I tried to clean some of the fleece but the grease on it is exceptionally stubborn. And the VM...my gods...I've never had a fleece with so much of it! *sigh* So I took what I had washed twice, and plopped it into the dryer to get some of the excess VM out. Well I A LOT of it came out, in fact most of it did, but it also caused it to felt some. So now I have some cleaned mohair that I have to pick apart before carding...which takes much more time to process to get it to the spinning stage. Argh. I was gonna use this fiber for making weaving threads...but I see it is a lot like Lincoln Longhair which I have plenty of and is readily available locally and for far cheaper. I will stick with the Lincoln from now on I think. I was wanting the mohair because it is known for it's exceptional luster...if there is any left after I have to abuse it to get it clean enough to spin! Even after two washings, there is still some grease left on the fleece and it is coming off on my hands. Not such a bad thing I guess since it is helping to soften my hands a bit. There's one positive!
 
I am making that Inkle loom. I bought the wrong hardware so I have to visit Menards again later today to exchange. I was just there this morning to get another saw because the bow saws we have will not cut the board I purchased all the way across.
 
Sufferin succatash!
 
Until next time...

1/21/2007

Low Cost Inkle Loom [to make]

SO I have been wanting to try card weaving for the longest time and now that I have a local source for the cardboard cards, now all I need is a loom to make the job easier.
Here is a link to a great resource that I found at SCA-Card weaving on yahoo groups: http://anvil.unl.edu/toli/loom.html
A simple and CHEAP inkle loom that anyone can make. There have been comments that the partical board has not lasted as long as they would have hoped, and others have said they have made it out of MDF board instead.
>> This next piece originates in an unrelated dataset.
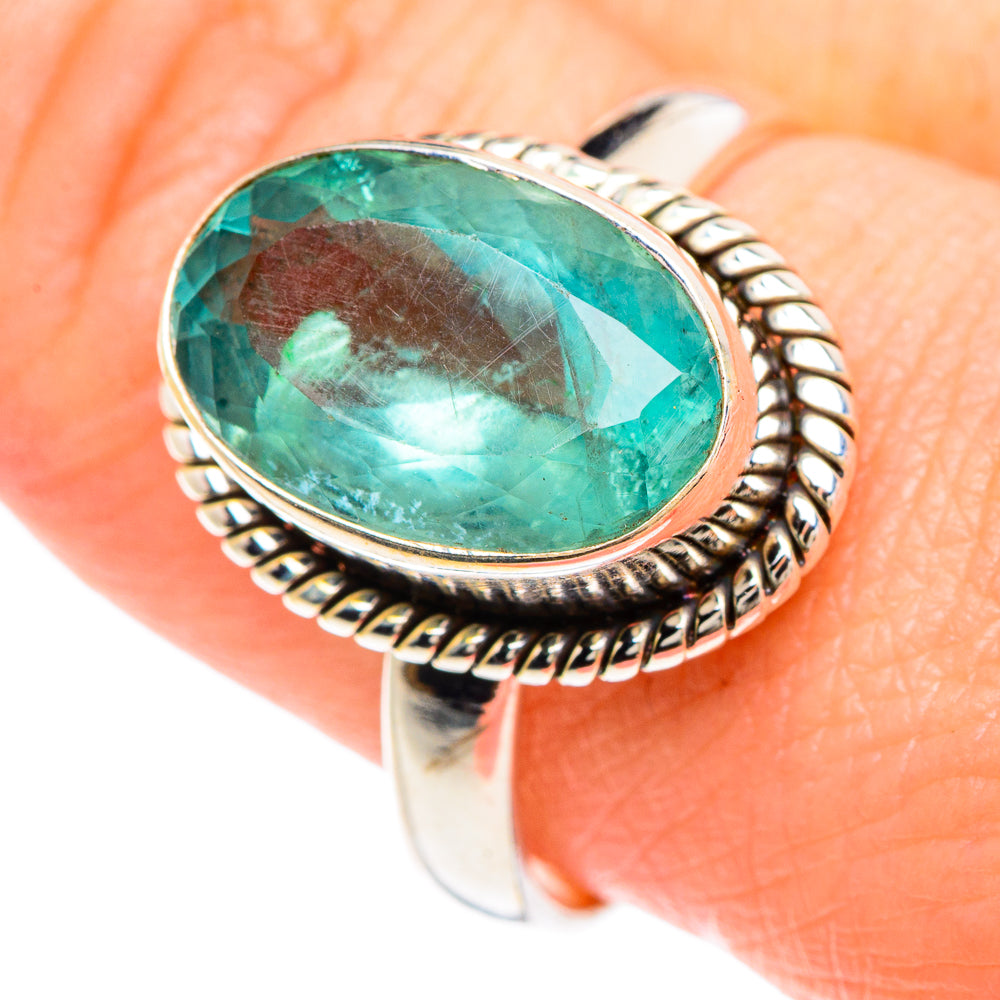Green Fluorite Rings handcrafted by Ana Silver Co - RING90759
You can use hardwood, but the object is to keep costs down but if you have the money to spurlge with, then by all means get some nice maple or oak and stain it too.
 
Also here is a link to make your own wooden cards from a commonly found wood for models, in model supply stores.
This is apart of the yahoo group, so you will have to become a member in order to view it.
 
 
Until next time...
 

Snow!!!

See that snow atop the bird feeder? That is FRESH snow and we have another good 4 inches or more when I woke up this morning at around 10AM and it is STILL SNOWING!! I drove down to get my coffee this morning and the streets have not been plowed in my neck of the woods so it was FUN driving down the street! I'm serious! I go to make a turn and I cannot go very fast because out little small truck is sooo small and light so I floor it...WEEEEEEEEEEEEEEEEEEEEEEEEE, fish-tail left, fish tail right....I love the snow! (I am a professional driver...years of experience in driving in all types of weather so I can have fun in the snow).



And look! The garden is practically half full of snow!

I LOVE SNOW!

But I think I will be walking down to knit at the LYS down the street instead of driving. It'll be a great workout treading through all this fresh snow, and then all I will have to worry about is someone not paying attention and suddenly loosing control and coming my way....I'll cross my fingers that no such thing will happen (vivd imagination).